Il 10 novembre, due giorni prima del comizio del candidato alla presidenza Roch Marc Christian Kaboré a Dori, nel nord del Burkina Faso, su una pista a una quindicina di chilometri dalla città è stato trovato il cadavere di Sorgho Wendtoin, l’autista di un deputato della regione.

“Bisogna dire la verità, la situazione è precaria e quest’omicidio ne è un altro esempio”, si preoccupa Amadou Abdouramane Ly, funzionario della grande città di Dori e candidato alla camera dei deputati per il partito al potere.

Il Burkina Faso sta organizzando le elezioni presidenziali e legislative del 22 novembre e il vicino Niger quelle presidenziali del 27 dicembre, ma in molti comuni della grande area detta “delle tre frontiere” – Burkina Faso, Niger e Mali – gli scrutini non potranno tenersi perché lo stato è del tutto assente.

“Come si fa a organizzare un’elezione in una zona in cui si verificano attacchi quasi tutti i giorni?”, si chiede un esperto di sicurezza burkinabè.

L’11 novembre quattordici militari sono stati uccisi in un’imboscata su una strada della regione. Si tratta del più grave attacco contro l’esercito degli ultimi mesi. Il 14 novembre, una settimana prima del voto, un gruppo di jihadisti a bordo di un centinaio di moto e di cinque veicoli è stato segnalato nella zona di In-Tillit, in Mali, nei pressi della frontiera burkinabè.

“È evidente che queste elezioni saranno una sfida enorme”, dichiara una fonte vicina alle autorità di Dori.

Un bilancio pesante
In Burkina Faso il bilancio degli attacchi jihadisti (a volte intrecciati a conflitti tra le diverse comunità) è molto pesante: 1.200 morti (soprattutto civili) e un milione di sfollati negli ultimi cinque anni, soprattutto nel nord, la regione più colpita.

Il Consiglio costituzionale ha riconosciuto che le elezioni non si potranno tenere in un’area pari a quasi un quinto del territorio nazionale per la “presenza di gruppi terroristici, l’assenza di un’amministrazione e la fuga degli abitanti”.
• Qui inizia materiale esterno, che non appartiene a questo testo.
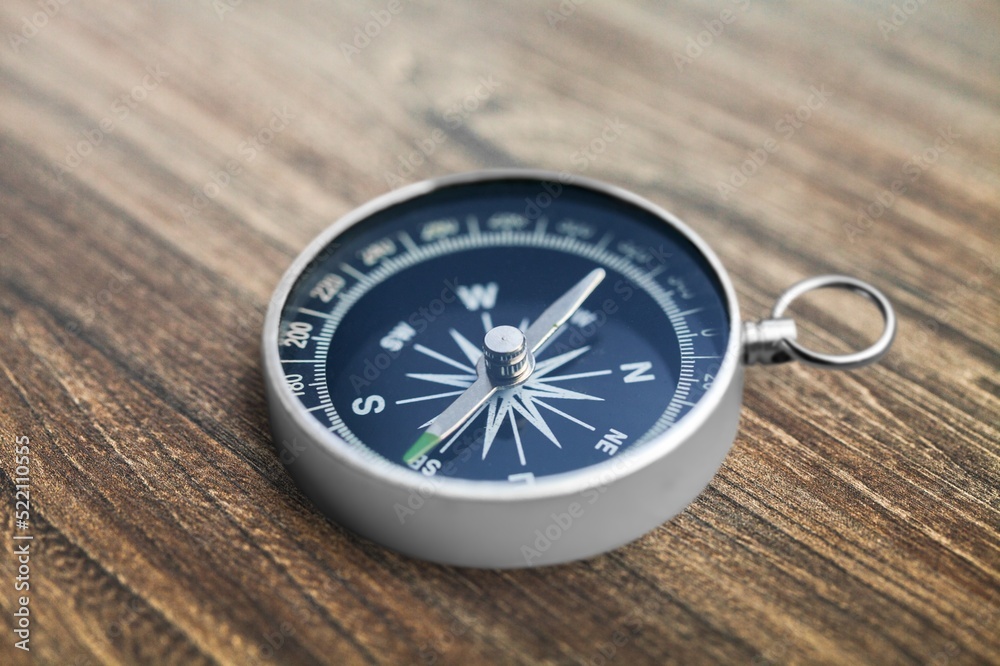 Compass. Traditional navigation device indicating the cardinal points (north, south, east, and west). Compass. Traditional navigation device indicating the cardinal points (north, south, east, and west).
“Bisogna considerare che gli sfollati che provengono da queste zone non voteranno”, sottolinea Mahamoudou Savadogo, ricercatore burkinabè esperto di estremismo violento.
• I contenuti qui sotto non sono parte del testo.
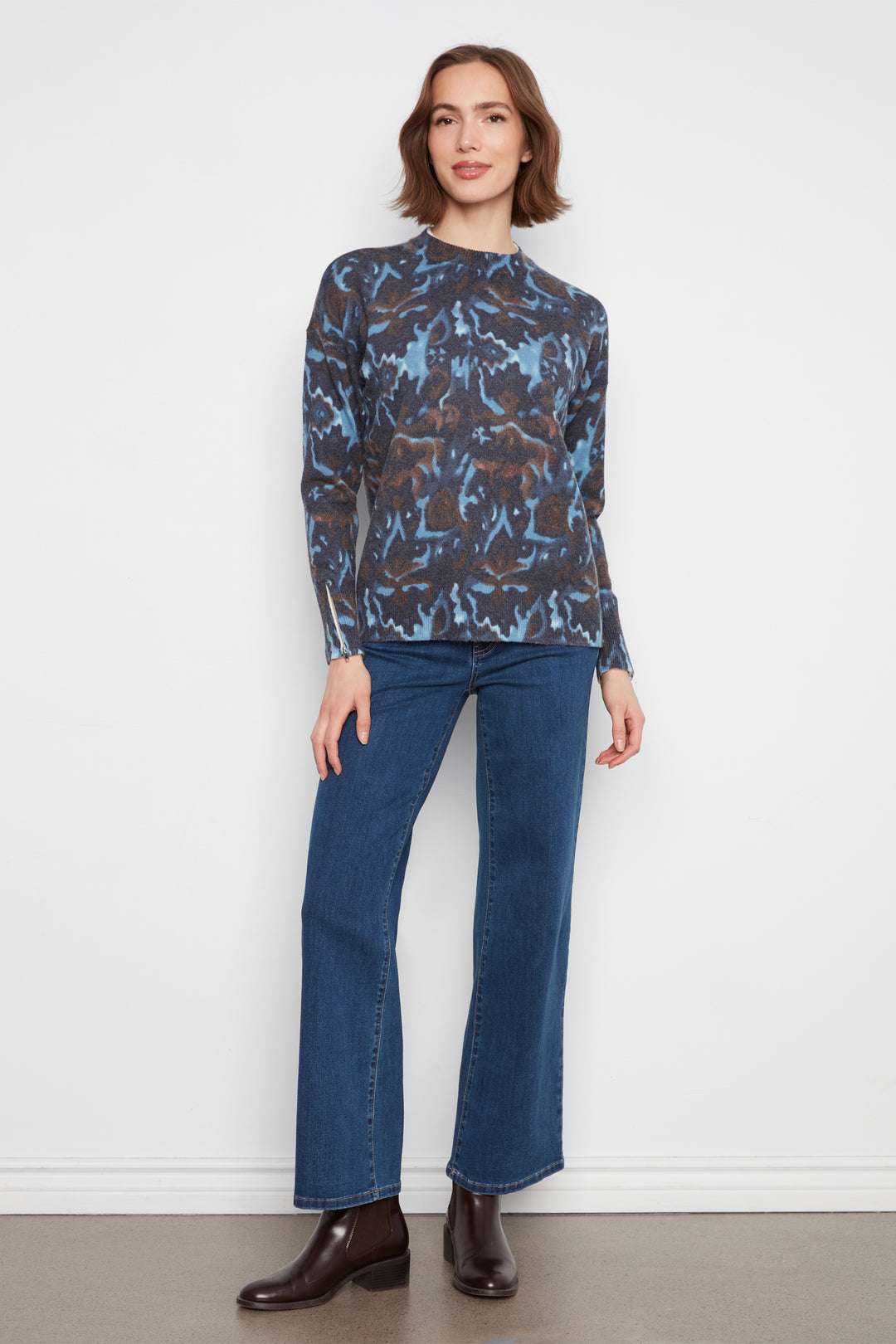 A woman stands against a plain white wall wearing a long-sleeve mock-neck blouse with a blue and brown abstract pattern, blue jeans, and dark brown leather boots.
“I gruppi jihadisti non hanno vinto sul piano militare, ma riuscendo a diffondere una paura che rende molto difficile la vita delle persone”

Alla stazione di Dori, snodo commerciale della regione, i trasportatori sono contrariati: molte strade non si possono più percorrere per paura di fare brutti incontri. “Ci sono troppi problemi sulla strada”, conferma uno di loro, chiedendo di restare anonimo. Racconta che i camion devono aspettare una scorta militare per raggiungere Djibo, 200 chilometri a est di Dori.

“I gruppi jihadisti non hanno vinto sul piano militare, ma riuscendo a diffondere una paura che rende molto difficile la vita delle persone”, sottolinea Rinaldo Depagne dell’International crisis group.

I jihadisti “sono figli del paese, conoscono il territorio, sono sui social network. Gli attacchi non sono mai casuali”, spiega Saidou Maïga, sindaco del comune rurale di Falagountou, al confine con il Niger. Maïga non va più a Gorom-Gorom, a 30 chilometri da Dori, “nemmeno a mezzogiorno”, mentre prima, racconta, “ci andavamo anche di sera per prendere un tè e poi tornare a Dori”.

“Non è un problema a cui il Burkina Faso può rispondere da solo. Se le tre frontiere non saranno gestite insieme al Niger e al Mali, la cosa non funzionerà”, dice il sindaco.

Nel 2017 è stata istituita una forza militare regionale, la Forza congiunta del G5-Sahel, che però non ha raggiunto grandi risultati. È stata sostenuta dalle truppe francesi dell’operazione Berkhane (composta da cinquemila uomini) e dall’operazione europea Takuba.

“I militari sono presenti solo nei dintorni delle città. Nella boscaglia non ce ne sono, sono andati via tutti”, spiega Savadogo. “Lì non c’è più alcun controllo da parte dello stato, interi pezzi di paese non potranno votare”.